Thanks Simon for taking the time to update the Rosetta@home ad. Also good to
know that you still support our Rosetta activities.
Here
is a screen shot of the home page showing the new ad
in case anyone wants to see it in
context. I also
wanted to say that I think the new design and functionallity of Betterhumans
(news feed comments, tags...) is a big improvement.
I really appreciate your efforts
to improve and develop this site and community, Simon. I think a lot of us
do but I guess it takes some getting used to the new 'look and feel' of the site which may
be why there hasn't been as much feedback and comments as one might expect.
I also wanted to provide a link to the recent
NPR radio story
(audio and text)
about Rosetta@home which includes soundbites by Rosetta@home lead scientist
David Baker and by David Kim - the other David at Rosetta and the person who
actually created Rosetta@home by integrating the Rosetta protein modelling software
with the open source BOINC distributed computing package. The story seems to
contain one factual error, though: the commentator claims that more than
100,000 have signed up for Rosetta@home, where according to boincstats,
there are
currently just 33,000 active participants (returned work in the last
month) with 56,000 active computers. This compares to 200,000 active
computers
participating in folding@home and about 270,000 crunching for
seti@home. I really believe that Rosetta's very promising disease
related research deserves at least as much computing power as these
other projects...
After the recent Gates foundation donation to HVI research (some of that
money goes to David Baker's lab) there were concerns that Rosetta@home would
now predominantly direct its research towards HIV and neglect other areas.

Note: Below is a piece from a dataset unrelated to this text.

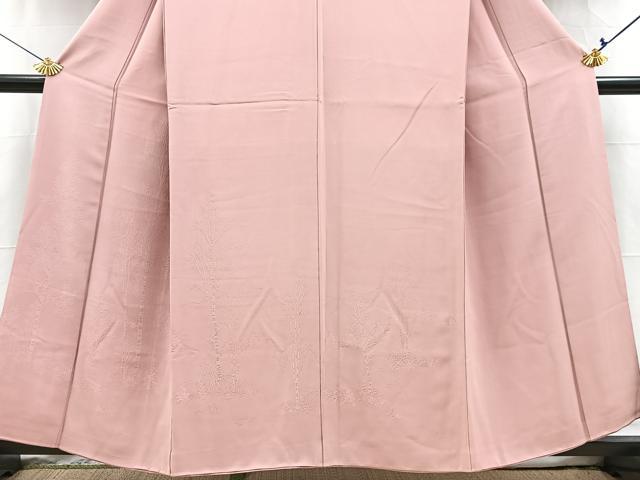 平和屋着物■豪華色留袖　色無地　草木地紋　退紅色　正絹　逸品　BAAX3728yc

I therefore wanted to quote the following statement by David Baker from the
Rosetta@home forum:
The methods we are using to design potential HIV vaccines should be directly
transferable to design of vaccines to other pathogens--basically, we design
proteins that mimic critical regions on the pathogen to stimulate the immune
system to make antibodies against these parts of the virus, bacteria, etc.
While we are very excited about making a serious push towards an HIV vaccine,
this will not reduce our efforts to develop new proteins to target genes
causing cancer. In fact, Jim Havranak in my group has just had very exciting
results on engineering an endonuclease to cut within a human disease gene.